Amy Brenneman

When Amy Brenneman signed the "nudity clause" in her contract for the TV
series NYPD Blue, she had no inkling that producer Stephen Bochco (L.A.
Law) would exercise his option immediately. "On my second day of work, I
had to kill two people. And on the third day, I [along with costar David
Caruso] got naked," says the Emmy-nominated actress who portrayed the sexy
but tough Officer Janice Licalsi.


The attention that the duo's bare bottoms received helped propel them to
instant fame. But instead of settling in for a run, Caruso opted out of
the series for a film career. And Brenneman was informed that her
character would also be dropped: "They told me Janice was a real firebrand
- not television material. They had problems maintaining her. I was upset
and scared."


Brenneman needn't have worried. Her exposure, as it were, on a major hit
series grabbed Hollywood's attention. And now, a year after leaving NYPD
Blue, she's working nonstop in movies. As for any concerns about being
typecast, she hasn't played a single tough cookie in her three
back-to-back films. The first, Bye Bye Love, which was just released,
ftnds her as Matthew Modine's ex-wife interfacing with his best friend,
played by Paul Reiser. In May, she'll be seen as an angel in a live-
action film version of the animated TV series Casper the Friendly Ghost.
And she's just finished shooting a thriller, No Fear, opposite Reese
Witherspoon and Mark Wahlberg (aka Marky Mark), the script for which she
hated on sight and is now glad she was talked into: "Thrillers are not my
thing. But the director [James Foley] won me over. In rewrites, it kept
getting better and better." What's more, the fire under Brenneman' s
career just now got even hotter when she signed on as the female lead
playing Robert De Niro's love interest in Heat, which reunites the actor
with his Godfather II costar Al Pacino.


Brunching in one of Beverly Hills' best delis, Nate 'N Al, Brenneman
reminds me of my childhood buddy's pretty older sister - accessible if not
quite attainable. She has dark, gently curled hair, a sensual smile, and
large, oval eyes that never waver as she meets every question head-on.
Which makes it all the more curious that she's so evasive when asked her
age. Even after she's been coaxed into admitting that she recently
celebrated "a big birthday," she sidesteps actually uttering the word
thirty.


Born and raised in Connecticut, the youngest of three children and the
only girl, Brenneman was "the achiever" in the family, the one who went to
Harvard. But it was her more rebellious brothers who hooked onto the
button-down career track, while she spent eight months in Paris, a year in
Nepal studying religion, and almost six years on the road with the
Cornerstone Theater Company, an itinerant repertory group that adapted
classical plays to whatever small American town they were performing in.
Her eyes crinkle with happiness as she recalls the years spent making
herself a home anyplace she happened to be. "I'd take on the character of
wherever I was," she says.


But eventually, the security of living in a communal environment with her
fellow actors, whom she'd known since college, was offset by frequent
bouts of loneliness and the constant prospect of being uprooted. In 1990,
she decided to make a break and move to New York City. She was a bit
intimidated at first, she admits. But having eamed only eighty dollars a
week for several years, she was not exactly unfamiliar with struggle.

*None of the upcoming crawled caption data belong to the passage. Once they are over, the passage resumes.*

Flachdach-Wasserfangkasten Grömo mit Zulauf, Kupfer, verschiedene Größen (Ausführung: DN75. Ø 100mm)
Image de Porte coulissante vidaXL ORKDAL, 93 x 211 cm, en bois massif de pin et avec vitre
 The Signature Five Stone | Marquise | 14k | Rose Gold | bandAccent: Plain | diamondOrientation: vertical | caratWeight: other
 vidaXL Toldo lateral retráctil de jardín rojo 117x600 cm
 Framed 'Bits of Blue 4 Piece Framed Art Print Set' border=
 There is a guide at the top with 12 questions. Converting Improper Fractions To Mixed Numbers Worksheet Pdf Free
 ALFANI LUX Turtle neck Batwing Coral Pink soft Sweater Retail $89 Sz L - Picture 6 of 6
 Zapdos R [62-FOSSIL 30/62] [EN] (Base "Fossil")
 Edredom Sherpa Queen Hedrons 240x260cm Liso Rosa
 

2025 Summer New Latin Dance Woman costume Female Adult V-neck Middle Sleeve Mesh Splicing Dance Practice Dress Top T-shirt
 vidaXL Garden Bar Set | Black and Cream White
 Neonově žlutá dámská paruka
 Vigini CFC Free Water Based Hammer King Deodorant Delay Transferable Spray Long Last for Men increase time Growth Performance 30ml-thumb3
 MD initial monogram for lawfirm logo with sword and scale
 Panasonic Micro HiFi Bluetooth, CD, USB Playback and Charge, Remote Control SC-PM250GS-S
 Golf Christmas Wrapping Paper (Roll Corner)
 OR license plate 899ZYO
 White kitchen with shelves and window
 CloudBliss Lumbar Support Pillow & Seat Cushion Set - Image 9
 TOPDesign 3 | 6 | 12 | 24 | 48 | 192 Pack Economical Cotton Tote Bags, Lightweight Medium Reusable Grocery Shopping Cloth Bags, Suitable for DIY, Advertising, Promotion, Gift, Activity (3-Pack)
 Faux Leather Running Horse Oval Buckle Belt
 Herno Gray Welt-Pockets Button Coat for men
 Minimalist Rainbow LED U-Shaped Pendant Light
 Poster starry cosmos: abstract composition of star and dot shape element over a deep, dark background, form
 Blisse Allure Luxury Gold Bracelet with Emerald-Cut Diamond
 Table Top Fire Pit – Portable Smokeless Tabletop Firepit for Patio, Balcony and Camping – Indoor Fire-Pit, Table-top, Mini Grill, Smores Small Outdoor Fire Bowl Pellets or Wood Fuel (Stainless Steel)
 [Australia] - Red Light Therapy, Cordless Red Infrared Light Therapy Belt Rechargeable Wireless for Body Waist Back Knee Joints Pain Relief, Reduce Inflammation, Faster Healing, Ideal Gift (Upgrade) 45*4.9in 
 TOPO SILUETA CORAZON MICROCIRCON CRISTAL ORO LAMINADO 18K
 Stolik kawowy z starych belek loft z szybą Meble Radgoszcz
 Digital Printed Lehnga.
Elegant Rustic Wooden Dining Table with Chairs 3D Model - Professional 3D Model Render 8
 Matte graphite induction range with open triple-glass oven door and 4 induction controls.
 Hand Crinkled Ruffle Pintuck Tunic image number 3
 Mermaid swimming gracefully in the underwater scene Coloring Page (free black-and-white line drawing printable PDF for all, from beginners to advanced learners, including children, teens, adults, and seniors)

Suddenly everything happened - fast. Theater work. A failed but highly
praised TV series, The Middle Ages. And NYPD Blue. Then, as if to ice the
cake, Steven Spielberg's production company purchased the feature-film
rights to the story of the Cornerstone Theater Company. And while she
wasn't looking, she even found love - in the person of Brad Silberling, a
director on NYPD Blue (and more recently, Casper). The attraction between
them was immediate, she says, but, not wanting to get involved with
someone from work, she resisted.


Then one day, her father was visiting the set and also struck up an
instant rapport with Silberling: "Afterward, my dad said to me, `That Brad
seems like a nice guy.' So naturally, I rejected him a while longer." She
laughs. But Brenneman finally "broke down and told Brad how I felt about
him, and he said he was finishing up a relationship with someone. Still,
we went out the next day - and he came on to me." Though wedding bells are
likely to tinkle somewhere down the road, matrimony is still in the
talking stages. "We're just enjoying every stage of the relationship," she
says.


If studying Eastern religions and meditating has taught Brenneman
anything, it's to go with the flow: "I'm happier now than I thought I'd be
at this age. I guess I didn't realize that if you keep going, things get
better. You get to be who you are a little more every day."